Calibration failed: INTERNAL: Failed to build TensorRT engine (INT8 precision mode) in Jetson Xavier NX (16GB)

Dear All,

I am trying to optimize a custom TensorFlow-Keras model. I am able to save the model and build TF-TRT engine with precision mode FP32. Also, I am able to build TR-TRT engine with precision model FP16; however, the througput is much lesser than FP32 engine. Lastly, with precision model INT8 enable, I am not able to generate the TF-TRT engine.
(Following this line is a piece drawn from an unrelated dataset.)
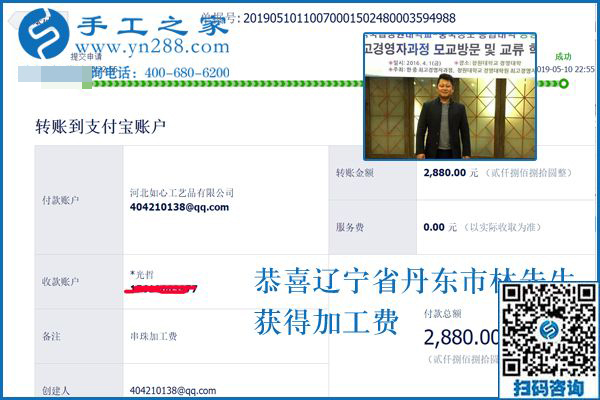 這次又結(jié)算2880元，遼寧丹東林先生要把這個(gè)正規(guī)供料的手工活進(jìn)行到底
Therefore, I request you all to help me resolving the issue.

import os
import time
import numpy as np
import matplotlib.pyplot as plt
import tensorflow as tf
from tensorflow import keras
import cv2
from tensorflow.python.compiler.tensorrt import trt_convert as trt
from tensorflow.python.saved_model import tag_constants
from tensorflow.keras.preprocessing.image import img_to_array
from tensorflow.keras.models import load_model
import tensorflow.keras.backend as K

from tensorflow.python.client import device_lib

def check_tensor_core_gpu_present():
    local_device_protos = device_lib.list_local_devices()
    for line in local_device_protos:
        if "compute capability" in str(line):
            compute_capability = float(line.physical_device_desc.split("compute capability: ")[-1])
            if compute_capability>=7.0:
                return True
    
print("Tensor Core GPU Present:", check_tensor_core_gpu_present())
tensor_core_gpu = check_tensor_core_gpu_present()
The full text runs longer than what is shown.